Issue Position: Agriculture
Agriculture has been North Dakota's basis for progress for more than a century. We are blessed with some of the most fertile soil in the world. American Agriculture contributes more than 100 billion dollars in exports and has the largest trade surplus of any industry. North Dakota contributes highly to this bright spot in our balance of trade.
With hard work, smart planning, and a growing world wide consumer demand for our agricultural products, our producers have prospered. As with many of our industries, our producers' biggest danger comes from D.C. Our farmers and ranchers can compete with anyone in the world, but the Washington politicians and bureaucrats pose a real threat.
We need to explain to the nation that 67% of the Farm Bill goes for food stamps, nutrition programs, and international aid programs. The amount of money devoted to production agriculture is much less than most would assume.
It is a given that there will be fewer federal funds available for agriculture in the coming farm bill. There should be two guiding principles for deliberations in the next farm bill. First, agriculture must not bear a disproportionate share of the cuts. Second, with the world's population continuing to expand, the need for food will continue to escalate. It is vital that the new farm bill not restrict American and North Dakota farmers from being able to meet this growing demand.

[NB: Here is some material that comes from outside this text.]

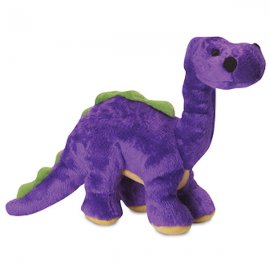 GoDog Bruto the Brontosaurus with Chew Guard Technology™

One vital program must be retained and improved, the crop insurance provision of the agriculture budget is critical for our producers. Crop insurance must reflect the reality of today's farmers and ranchers. Another area that must be continued and even expanded, if possible, is for basic and advanced Ag research. With the ever increasing demand, worldwide, for food, fiber, and fuel, continued agricultural research at our universities is imperative. There is a finite amount of cropland and it will not get any larger; in fact, it is shrinking everywhere in the world. So, existing crop land must yield even more. Cutting our agricultural research and development capabilities is both short sighted and dangerous.

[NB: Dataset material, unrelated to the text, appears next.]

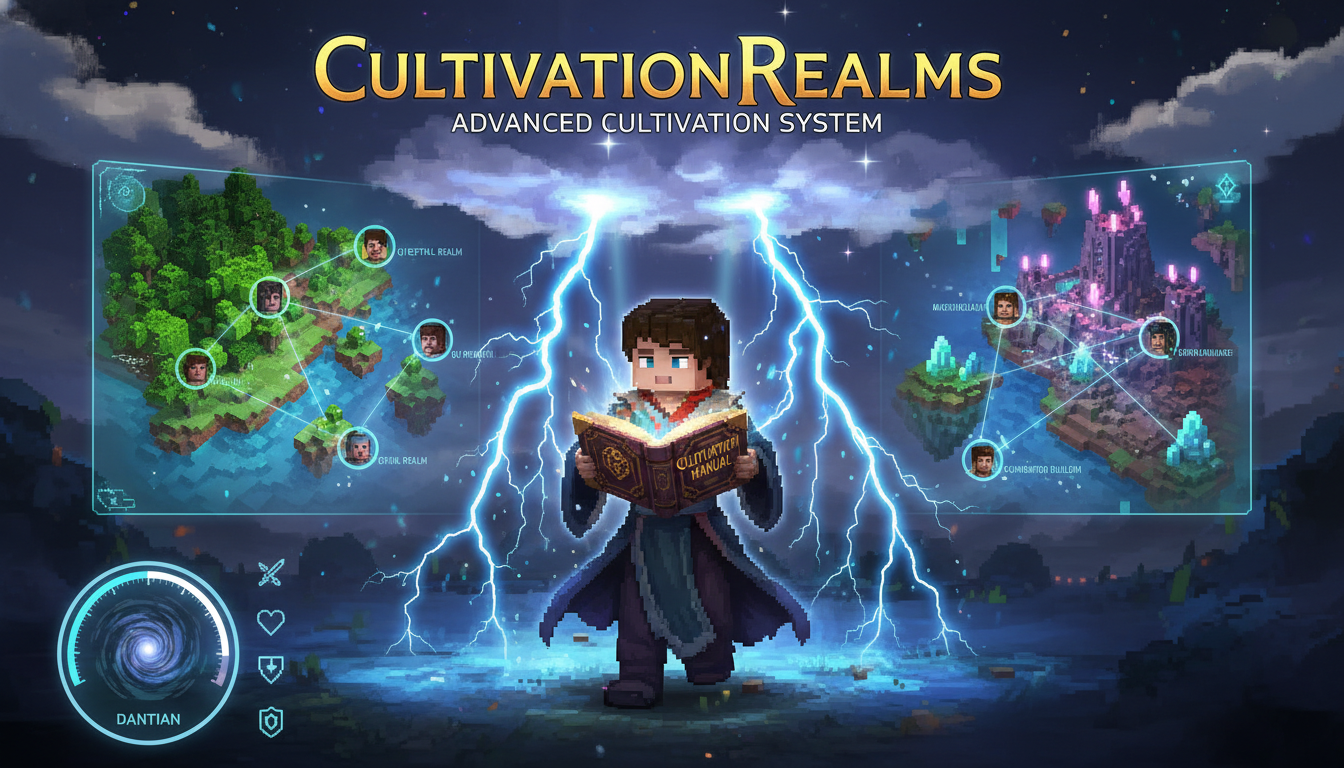 CultivationRealms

Agriculture is a vital industry, not only for food, fiber, and fuel, but, also, for national defense. America's capacity to provide the food, fiber, and fuel for our nation and our allies, if necessary, is a key component in our national security. The new farm bill must reflect this reality. As your Congressman, I will work to ensure that North Dakota farmers and ranchers as well as the businesses, large and small, depending on our soil, will be treated fairly in Washington.